The Tenth Dimension (Ha'meimad Ha'asiri) was a magazine published in Israel as the official magazine of the Israeli Society for Science Fiction and Fantasy. The magazine was first published in 1996. Since its second issue, the magazine has had color covers, all covers painted by Avi Katz. It ceased publication in 2008, and was replaced by Once Upon a Future, an annual anthology.

The magazine published a mixture of fiction and non-fiction. From issue #9, the emphasis has been on translated short fiction. From issue #15, the magazine has had an arrangement with The Magazine of Fantasy and Science Fiction allowing it to publish stories originally published in that magazine.
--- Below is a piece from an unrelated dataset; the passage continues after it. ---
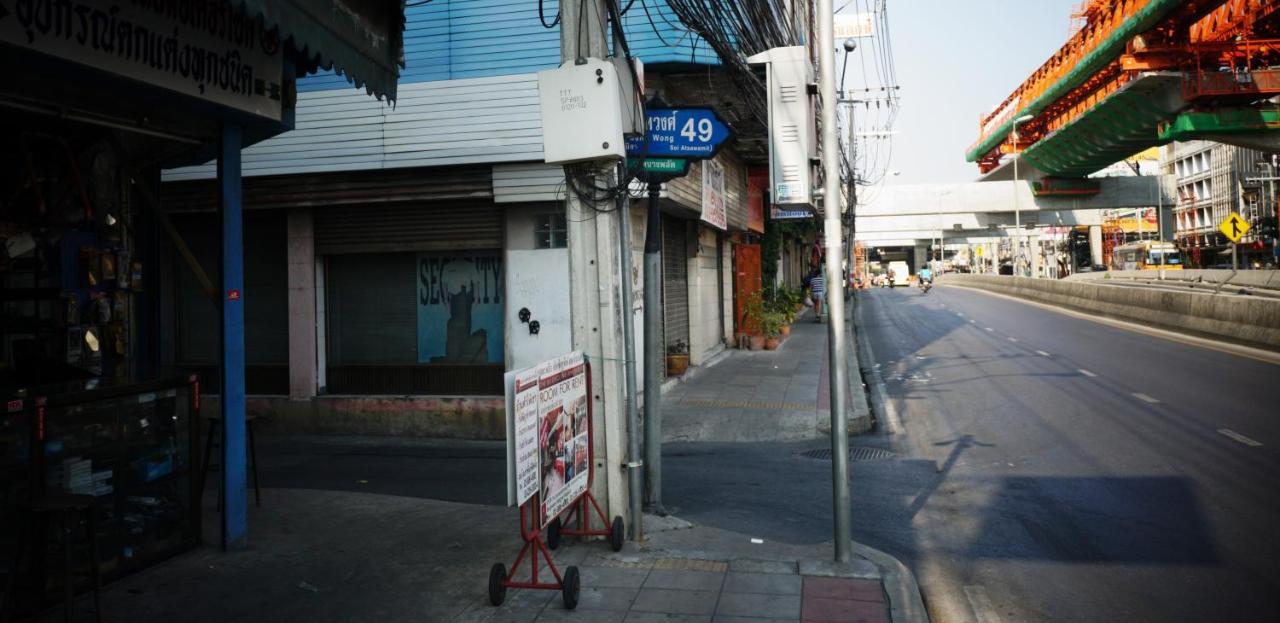 59Indy Guesthouse กรุงเทพมหานคร ภายนอก รูปภาพ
Issue #4 included the first publication of a Hebrew filk.

The Tenth Dimension has published some of the biggest names in science fiction and fantasy, including Neil Gaiman, Ray Bradbury, Joe Haldeman, Philip K. Dick, Orson Scott Card, Ursula K. Le Guin, Brian Aldiss and many others.

Amongst the Israeli writers published in the magazine are Vered Tochterman, Nir Yaniv, Lavie Tidhar, and Etgar Keret. Notable non-fiction work has been included in the magazine from other writers, including Emmanuel Lotem, Aharon Hauptman, and Abigail Nussbaum.

The magazine was distributed free to members of the Israeli Society for Science Fiction and Fantasy and was for sale at conventions.